Misántropo empieza de noche, como anticipo y promesa de lo que nos espera: un relato de contornos bien oscuros, con personajes a los que les cuesta mucho encontrar la luz. Pero el comienzo del relato, en medio de la nieve y el frío del invierno en el hemisferio norte, transcurre en medio de las celebraciones de Año Nuevo. El bullicio, el ruido y las luces de los festejos en los áticos, en las calles o en un departamento cualquiera empieza en un momento a confundirse con certeros disparos que reciben personas que parecen elegidas al azar, sin un motivo aparente para morir de esa manera.
Estas circunstancias fortuitas y el perfil de las víctimas desconciertan de inmediato a los investigadores. Sobre todo a Lammark (Ben Mendelsohn), el curtido agente del FBI asignado al caso. El hombre, después de las primeras averiguaciones, descubre que entre los agentes policiales que salieron al principio a la caza del asesino en el departamento que funcionaba como su base de operaciones hay una joven oficial llamada Eleanor Falco (Shailene Woodley) con una perspicacia muy especial para interpretar posibles señales y motivaciones en la conducta del victimario.
No hay tiempo para perder cuando todos temen que la masacre pueda repetirse en cualquier momento. Y la preocupación por no dar pasos en falso abre otro escenario en el relato. Del thriller sobre la caza de un asesino en masa pasamos, como señaló Szifron hace unos días a LA NACION al mucho más resbaladizo terreno del drama institucional.
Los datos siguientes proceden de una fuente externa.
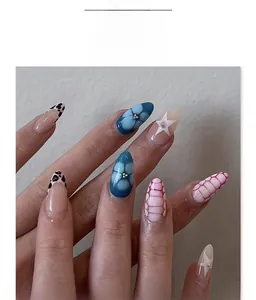 Dettaglio di unghie finte stiletto lunghe con decorazioni floreali blu e strass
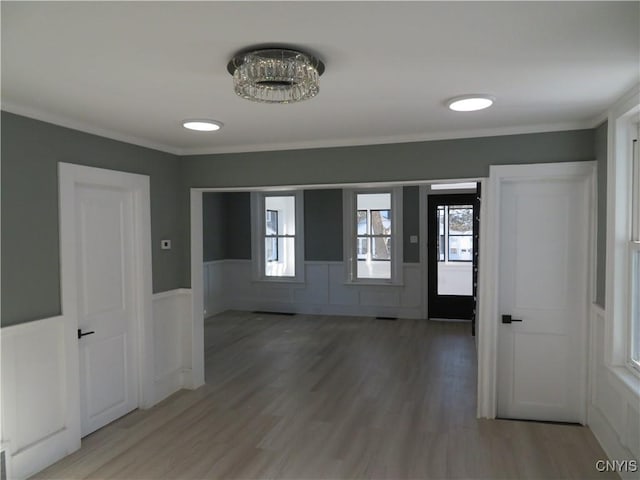 corridor with a wainscoted wall, crown molding, a healthy amount of sunlight, and light wood-type flooring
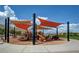 Community playground with multiple play structures, shaded by sail canopies at 5662 Oak Bend Dr, Las Vegas, NV 89135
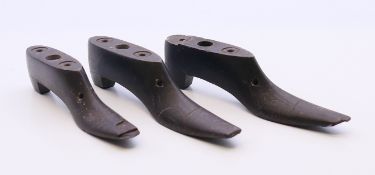Three 19th century carved slate shoes. Two 10.5 cm long, one 9 cm long.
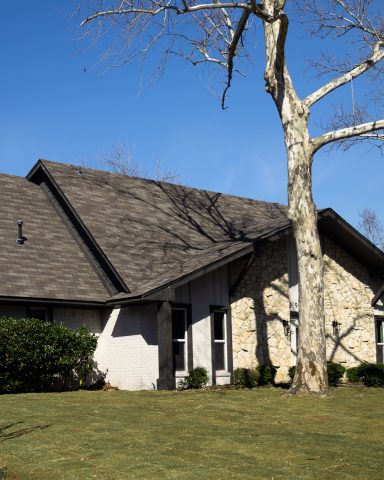 A light-colored house with a sloped roof and a large tree in front on a sunny day.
Las autoridades políticas y policiales, que anhelan una resolución rápida, desconfían de los modos y procedimientos de Lammark, de sus intuiciones y de la inexperiencia de la joven policía.
Szifron nos conduce a través de esos inquietantes recorridos con una pericia enorme para mostrar al mismo tiempo cómo progresa (o retrocede, según el caso) la búsqueda del asesino, cómo se construye el vínculo entre Lammark y Falco (que de a poco van adoptando de manera inconsciente el lugar del mentor y la discípula) y cómo ambos se ven obligados cada vez más a refugiarse en esa confianza mutua frente al recelo y al cálculo de sus superiores.
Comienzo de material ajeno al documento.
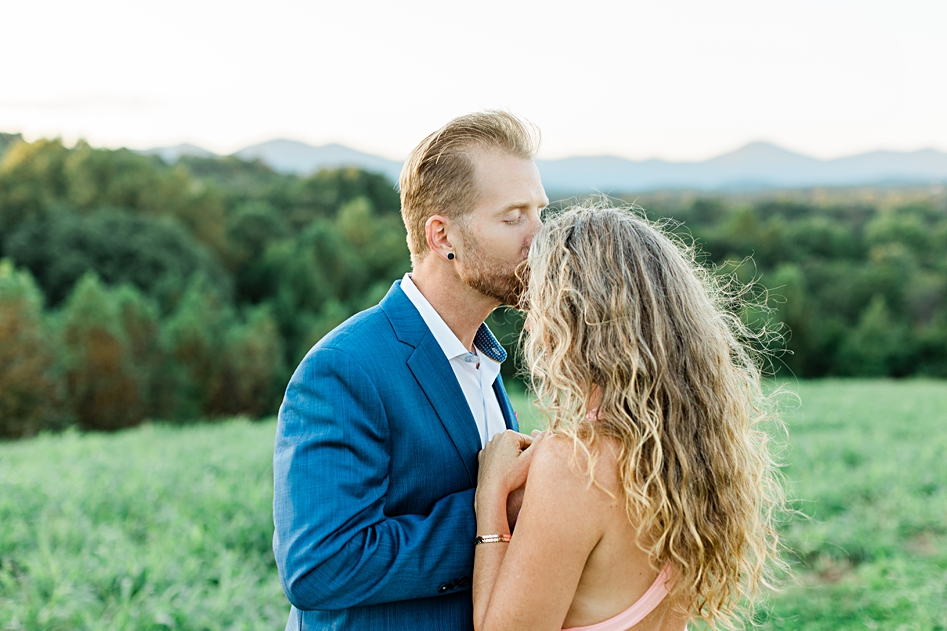 husband wife anniversary photography shoot horn photography and design kissing forehead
Hay en Misántropo escenas de extraordinaria tensión visual y dramática (la más admirable, narrada a través de un montaje virtuoso, transcurre en el interior de un centro comercial), un meticuloso acercamiento a sus principales personajes, marcados en buena medida por conductas pasadas, y sobre todo un propósito deliberado de tratar de entender las razones que inspiran hechos tan cruentos como un asesinato en masa. Para hacerlo, como es su costumbre y su identidad, Szifron confía ante todo en el poder de la imagen, pero en este caso también necesita dar un poco más de explicaciones que en sus trabajos previos.
Con su pulso de narrador ejemplar y hábil creador de atmósferas llenas de tensión (que aprovecha a la perfección el trabajo del talentoso director de fotografía argentino Javier Juliá), Szifron describe un mundo en el que las soluciones fáciles, superficiales y abiertas a la manipulación solo pueden empujarnos a cometer errores irreparables.